Si on y pense bien, l'irruption de M. Dupond-Moretti dans les régionales pourrait avoir l'inverse du résultat escompté. Il est peu probable que, même derrière son panache blanc, les électeurs des Hauts-de-France changent d'intention de vote juste parce que le ministre entre dans l'arène. Et, s'il parvient à augmenter le score de la REM, ce devrait être davantage au détriment de Xavier Bertrand qu'à celui du RN. Or, si M. Bertrand perd deux ou trois points de l'électorat, il sera sans doute battu par l'extrême droite et, comme il s'y est engagé, il ne sera plus, alors, candidat à la présidence de la République. Ce qui est tout bénéfice pour Emmanuel Macron qui assisterait à la disparition politique d'un candidat dont la cote de popularité est de 16 % dans les sondages d'opinion et menace objectivement le renouvellement du mandat de M. Macron.
Ce qu'ils reprochent à Macron
Il n'est donc pas impossible de penser que, derrière la détermination anti-extrême droite d'Éric Dupond-Moretti, il n'y ait pas seulement la volonté farouche d'en découdre avec Marine Le Pen, ce qui l'honore, mais qu'il y ait aussi l'espoir d'empêcher M. Bertrand d'arriver au second tour, ce qui, pour le président en exercice, serait une affaire autrement plus difficile qu'un tête-à-tête avec Mme Le Pen. À ce raisonnement, il faut apporter une nuance : Xavier Bertrand, comme tant d'autres politiciens de droite, croit bon de tirer à boulets rouges contre M. Macron plutôt que contre son ennemie immédiate, Marine Le Pen.
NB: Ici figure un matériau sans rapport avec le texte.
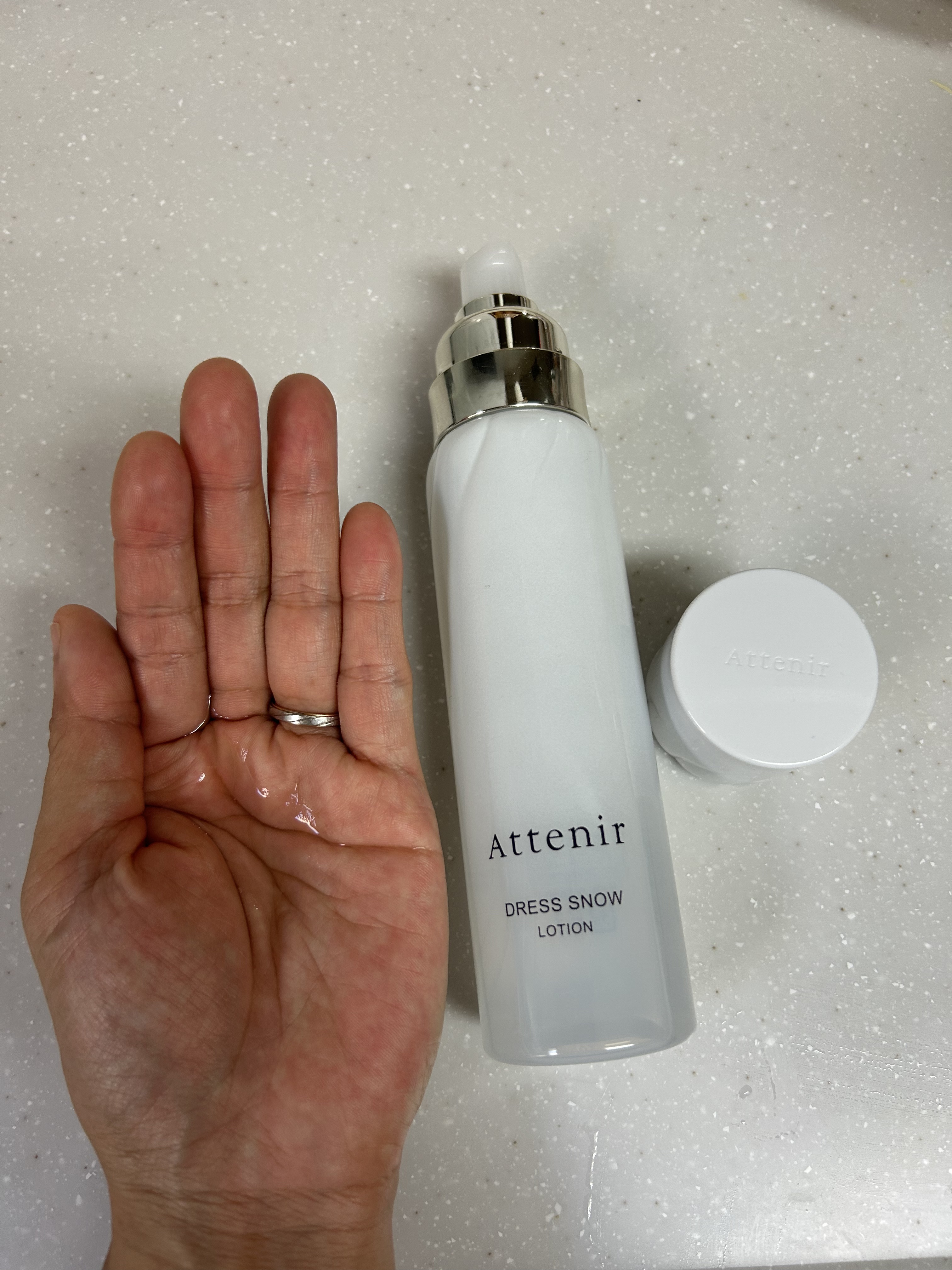 ドレススノー ローション【医薬部外品】 /アテニア/化粧水を使ったクチコミ（2枚目）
Même s'il n'est plus à LR, il joue le même jeu que ce parti, dominé par un groupe de ténors de la droite infiniment plus hostiles à Macron qu'à Le Pen. M. Bertrand ne reçoit donc que la rétribution qu'il a cherchée implicitement.
Ce nouvel épisode des relations entre LR et la REM montre que les Ciotti, Larcher, Retailleau refusent de pactiser avec le macronisme au nom de l'histoire : ils reprochent à Macron d'avoir volé la présidence de la République à François Fillon. Ce n'est pourtant pas Macron qui a procédé à des manipulations en faveur de son enrichissement personnel ou s'est fait offrir des costumes de luxe d'un prix fabuleux. Le sort de Fillon était scellé dès la fin de 2016 quand tous les ténors de LR sont allés l'acclamer au Trocadéro, alors qu'il avait des démêlés avec la justice, et l'ont adopté comme candidat.
C'était il y a presque cinq ans. Au nom de l'histoire, toujours, LR se prépare délibérément un terrible échec à la présidentielle. Sera-ce suffisant pour que ce parti se ressaisisse enfin, échappe à l'influence de sa propre droite et rejoigne le camp républicain ? Rien n'est sûr. Il est tout de même surprenant, pour tout observateur extérieur, d'assister à cet engouement discret pour l'extrême droite qui paralyse un parti dont le nom est Les Républicains. Il est surprenant que le même parti n'ait pas encore compris que la planète politique a volé en éclats et que la droite, comme la gauche, doit subir une refondation pour retrouver son électorat.